WASHINGTON (Reuters) - A Republican lawmaker who is expected to play a central role in setting military policy in the new Republican-led Congress said on Wednesday he wanted to boost defense spending but would not alter President Barack Obama’s deadline to start pulling out of Afghanistan.
Analysts say the Republican capture of the House of Representatives on Tuesday may stiffen U.S. resolve in the war in Afghanistan, but raises questions about a range of defense issues, from defense contracts to gays in the military
Howard “Buck” McKeon, expected to become the next chair of the House Armed Services Committee, balked at Obama’s plans to potentially push through a repeal of the military’s ban on gays in the “lame duck” session before the new Congress takes power in January.
“I think that’s unwise,” McKeon told Reuters in a telephone interview.
“I think the only reason they’re trying to do it is political. And I don’t think the military should be used as a political football,” he said, adding decisions like repealing the 17-year-old ban should not be made by outgoing lawmakers who had lost their elections.
Republicans in Congress, including Obama’s 2008 presidential rival John McCain, have pressed the president to back away from his July 2011 date to begin troop withdrawals, saying it has backfired and fueled Taliban rhetoric about waiting out the West.
McKeon said he always had objected to the July 2011 deadline for precisely that reason. But when asked whether he would seek to change Obama’s mind or change the drawdown date, he said: “No. I think that’s installed.”
“We just want to be very careful that this isn’t used as an opportunity to pull everybody out, and leave the Afghans hanging, and leave the potential for al Qaeda to come back in for another safe haven,” he said.
McKeon added that any withdrawal needed to be conditions-based and informed by the commanders on the ground.
McKeon also praised a crackdown on militants in Pakistan under the Obama administration, which has included covert strikes by pilotless drone aircraft.
“I think that all we have to do is just make sure that we keep the pressure on and understand that we have to win in both places (Afghanistan and Pakistan),” he said.
With Republicans controlling the House and focused on the economy rather than the war, which was not a major issue in the election, analysts said Obama could feel less pressure to make the more sizable reductions in U.S. forces in Afghanistan.

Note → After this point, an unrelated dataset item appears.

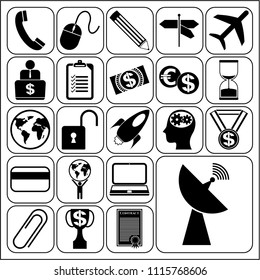 Set of 22 business high quality icons or symbols. Collection. Flat design. Vector Illustration.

“You could get, on Afghanistan, a little more space for the administration,” said Daniel Markey, an international security analyst at the Council on Foreign Relations. “This is not going to be the primary focus of the new Republican majority in the House.”
The sheer size of the defense budget -- about 19 percent of the total federal budget and half of discretionary spending not already mandated for a particular purpose -- makes it harder to balance the budget without touching military spending.

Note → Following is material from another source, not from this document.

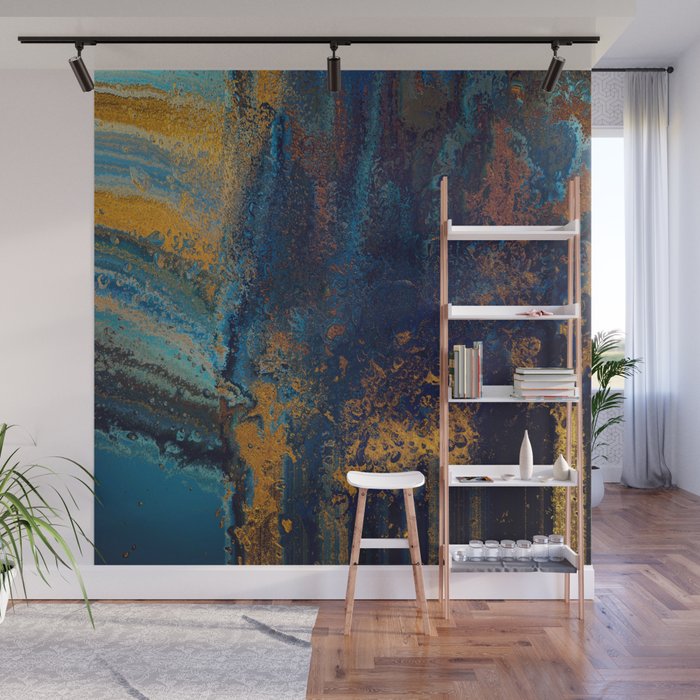 Blue Metallic Abstract Wall Mural Gallery Image 1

That tension between spending on the war and the need to trim the budget could lead Congress to target the billions of dollars in civilian spending going to Afghanistan and Pakistan as part of the war effort.
“You continue to have this strong right arm of the military and this increasingly spindly left arm of the civilian side and that gets further hollowed out,” Markey said.
If there is an intraparty squabble over defense spending, McKeon will be on the side of bigger defense budgets.
McKeon said he opposed the Obama administration’s plans to boost core defense spending by just 1 percent over inflation, a figure Defense Secretary Robert Gates is trying cope with by streamlining defense spending to free up more cash.
Gates proposed a 2011 defense budget of $548.9 billion, not including war spending.
The question has broad implications for the Pentagon’s largest suppliers -- Lockheed Martin Corp, Boeing Co, Northrop Grumman Corp, BAE Systems Plc, General Dynamics Corp and Raytheon Co.
“We have underlying costs that are taking such a high percentage of our budget that we’re not going to have enough to do the (necessary) R&D and do the weaponry spending,” he said.
“I think we need more money in defense and I think we need to do a better job spending that money.”